Dating apps, Dr K argues, have a fundamental data problem. The information they collect — hobbies, height, job title, stated values — does not correlate with what actually produces connection or relationship success. They are optimizing for the wrong variables, the same way a streaming platform shows creators CTR and watch time because those are easy to measure, not because they are the most important signal. The actual science of connection points to four variables. First, a shared emotional experience — not necessarily positive. There is a famous study where people on a rickety wooden bridge rated each other as more attractive than people on a stone bridge. The neurological arousal was being attributed to the person rather than the environment. This is why people fall in love at rehab at an alarming rate. Second, 90 minutes of exposure is the sweet spot. Past 90 minutes, attraction and the sense of a spark tend to wane. The first date should probably end before that window closes. Third, the interaction needs to be free of hassle — the modern filtering and interviewing dynamic of apps is destroying this. Fourth, Dr K mentions a variable he draws a blank on mid-conversation, but the architecture of the framework is clear. "A relationship is created by two human beings," he says. "It is not something that you fit someone into." The mistake most people make when dating is trying to evaluate a finished product, when real relationships are things that grow. Every successful relationship he has seen as a psychiatrist has had at least one early red flag — and working through that red flag is what builds the conflict resolution capacity that sustains things over time.
THE PLAY
For a first meeting with someone you're interested in — romantic or otherwise — plan something that involves a mild shared challenge or novelty (a new neighborhood, an activity neither of you has done, something with a small element of unpredictability). Cap the meeting at 90 minutes and leave when energy is still high. Skip the questionnaire approach entirely for the first encounter.
YOUR ACTION PLAN
All the plays, back to back. Use this as your checklist.

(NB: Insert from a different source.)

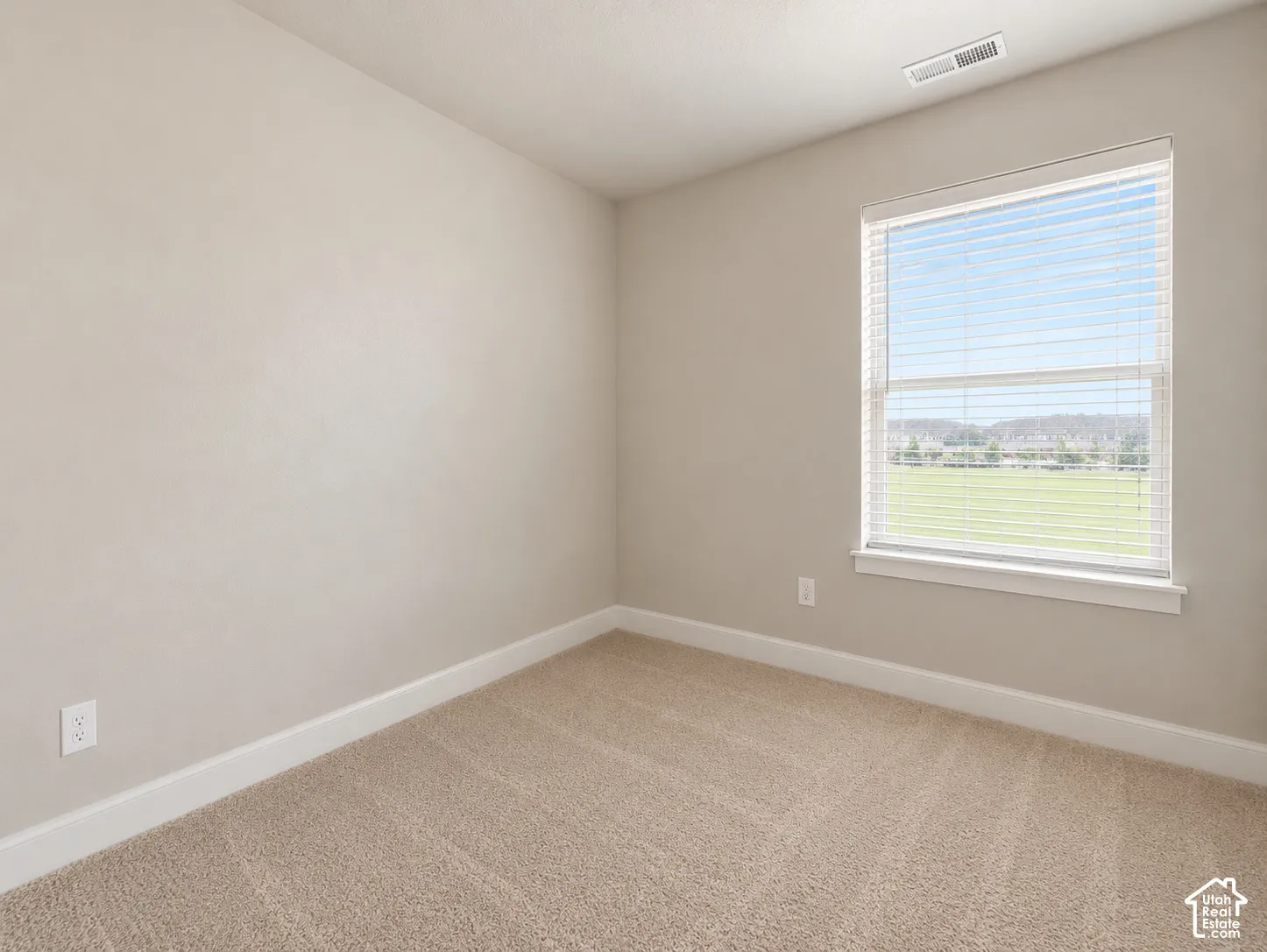 Bedroom 3. Neutral tone wall finish with light-colored carpeting, white trim, and a window featuring horizontal blinds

Teach Yourself EQ Before You Optimize Anything Else
Identify one unexplained behavioral pattern and spend one week observing it without trying to fix it.
Understand What Desire Is Actually Doing To You
Before each relief-seeking behavior, pause sixty seconds and name the state of mind you're actually chasing.
Stop Giving Your Kid The iPad As An Emotional Regulation Tool
At the twenty-five minute mark of your child's screen time, ask them to rate their enjoyment now versus when they started — then just listen.
Build Your Life Around Your Dosha, Not The Default Template
Identify your energy pattern from recent data and make one structural change to your day that matches it.
Use The 90-Minute Rule And Shared Emotional Experience To Build Real Connection
Plan your next first meeting around a shared novel experience, cap it at 90 minutes, and end while the energy is still up.